→ What you have to do: Could you copy exactly the lines below, beginning at the line with "GA license plate PZB7460" and stopping after the line with "نظارات نسائية عتيقة", with no pictures?

→ Data:
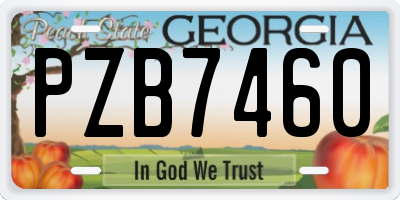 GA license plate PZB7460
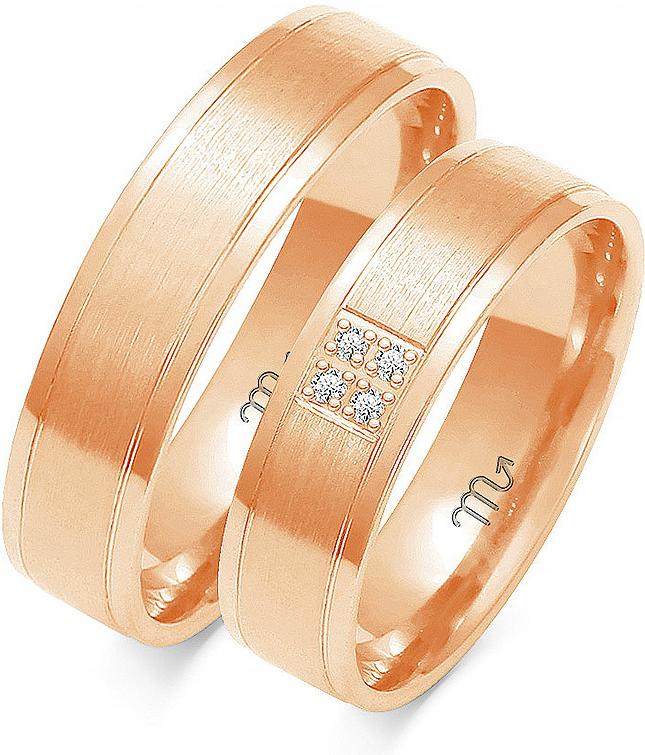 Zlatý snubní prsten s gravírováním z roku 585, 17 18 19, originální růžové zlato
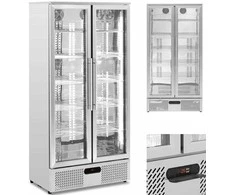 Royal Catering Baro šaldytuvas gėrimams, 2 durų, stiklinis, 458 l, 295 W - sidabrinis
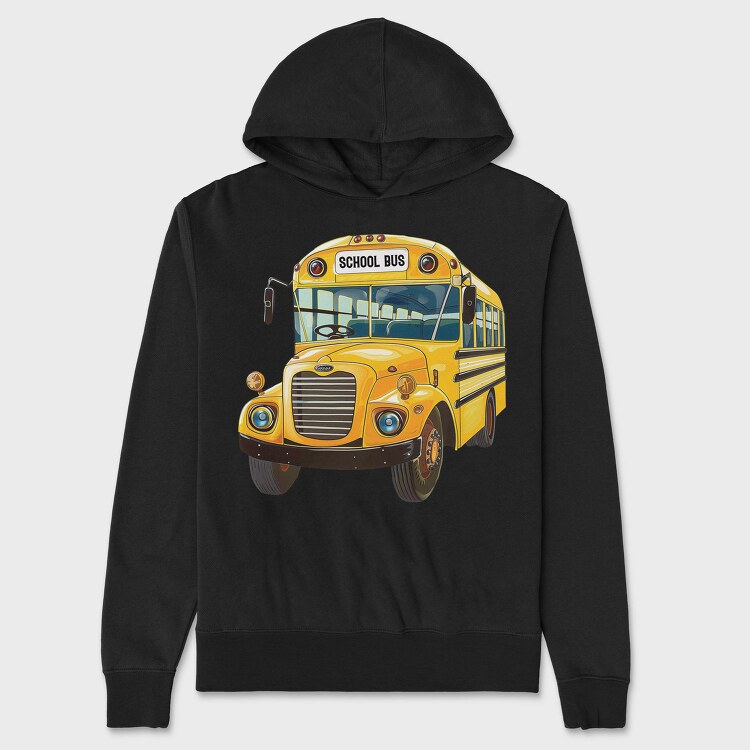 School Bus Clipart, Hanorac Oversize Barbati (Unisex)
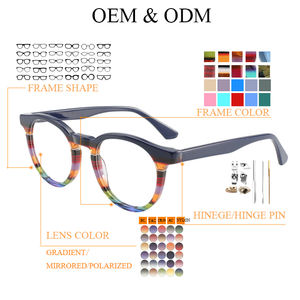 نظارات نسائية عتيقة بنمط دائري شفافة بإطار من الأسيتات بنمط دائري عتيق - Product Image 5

---

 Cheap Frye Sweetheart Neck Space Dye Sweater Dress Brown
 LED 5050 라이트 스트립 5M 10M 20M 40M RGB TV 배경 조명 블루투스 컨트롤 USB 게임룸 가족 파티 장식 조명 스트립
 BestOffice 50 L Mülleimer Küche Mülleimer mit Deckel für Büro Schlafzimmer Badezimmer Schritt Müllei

→ Output for this exercise:
 GA license plate PZB7460
 Zlatý snubní prsten s gravírováním z roku 585, 17 18 19, originální růžové zlato
 Royal Catering Baro šaldytuvas gėrimams, 2 durų, stiklinis, 458 l, 295 W - sidabrinis
 School Bus Clipart, Hanorac Oversize Barbati (Unisex)
 نظارات نسائية عتيقة بنمط دائري شفافة بإطار من الأسيتات بنمط دائري عتيق - Product Image 5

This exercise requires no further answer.